Notes for System Admin

This section is only relevant to system admins. If you are a user you can ignore this page.

AWS setup

Setting Up Your IAW User and Account

This is a one-time job for the system admin, done through GUI

FIXME: the approach below will gave every one in the group the full access to the whole bucket, so everyone can read and edit others’ file, that would be convenient but also dangerous. Need to manage it better next step

  • Log into AWS Console:
    • Navigate to AWS Console.
    • Sign up for a root AWS account if you’re new, else log in.
  • Search for IAW:
    • After logging in, search for “IAW” using the top search bar.
  • Creat Group
    • Click “User groups” on the left.
    • Attach “AmazonS3FullAccess” for this group
    • Add Users to this group.
  • Add user and set up access key
    • GUI/or maybe for root user (first time to set up the access key)
      • Add User:
        • Click “Users” on the left and then click “Create user” on the right.
        • Click “Next” following instructions.
      • Manage Access Keys:
        • Find “Security recommendations” on the IAW dashboard.
        • Click “Manage access keys”.
      • Create an Access Key:
        • Go to the “Access keys” section.
        • Select “Create access key”.
      • Retrieve Your Access Key and Secret Access Key:
        • A dialogue will show your Access Key ID and Secret Access Key.
        • Check the box, then click “Next”.
        • Download a copy of these keys for safekeeping.
    • CLI (change to root access)
       aws iam create-user --user-name YourUserName
       aws iam add-user-to-group --user-name YourUserName --group-name Gao-lab
       aws iam create-access-key --user-name YourUserName
       # create password 
       aws iam create-login-profile --user-name YourUserName --password NEW_PASSWORD
      

      copy these keys for safekeeping.

  • Configure AWS CLI:
    • Run the following in your terminal:
      aws configure
      
    • Provide:
      • Your Access Key ID and Secret Access Key.
      • Region: us-east-1.
      • Output format (e.g., yaml).

Create project S3 Bucket

To create an S3 bucket, ensure your $S3_BUCKET name is globally unique and in lowercase. For example:

aws s3api create-bucket --bucket $S3_BUCKET --region $AWS_REGION

Example:

aws s3api create-bucket --bucket cumc-gao --region us-east-1

AWS storage quota increase request

When we submit too many jobs each loads large EB2 volume, we may see in jobs submitted later that:

2024-02-21T02:39:10.861: Failed to create float data volume, error: VolumeLimitExceeded: You have exceeded your maximum gp3 storage limit of 50 TiB in this region. Please contact AWS Support to request an Elastic Block Store service limit increase.

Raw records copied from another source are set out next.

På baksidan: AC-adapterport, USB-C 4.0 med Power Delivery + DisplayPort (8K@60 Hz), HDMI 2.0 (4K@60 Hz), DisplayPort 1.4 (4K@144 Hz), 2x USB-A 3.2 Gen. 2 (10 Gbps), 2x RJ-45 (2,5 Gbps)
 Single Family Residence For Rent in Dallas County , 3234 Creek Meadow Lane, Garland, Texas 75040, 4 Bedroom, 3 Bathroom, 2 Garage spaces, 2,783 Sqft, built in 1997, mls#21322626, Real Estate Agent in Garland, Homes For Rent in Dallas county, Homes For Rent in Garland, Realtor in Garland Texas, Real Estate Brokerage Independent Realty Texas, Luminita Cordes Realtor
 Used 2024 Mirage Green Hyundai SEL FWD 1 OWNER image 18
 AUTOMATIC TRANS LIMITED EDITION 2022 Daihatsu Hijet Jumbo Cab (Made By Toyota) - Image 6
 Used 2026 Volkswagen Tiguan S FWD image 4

Although it is possible to ask AWS customer service to increase this limit, since EB2 volume should hold just temporary files, 50TB is a decent limit. If your jobs uses more than 50TB EB2 volume on the fly to support the computing, it is advised to examine into your jobs and decide if this is truly necessary (likely not!).

MMCloud setup

MMCloud account management

First, login as admin,

float login -u <admin username> -p <admin passwd> -a /<op_center_ip_address>

Then create a new user for example tom,

float user add tom

Setup MMCloud OpCenter

MMCloud OpCenter is analogous to the login node on a HPC.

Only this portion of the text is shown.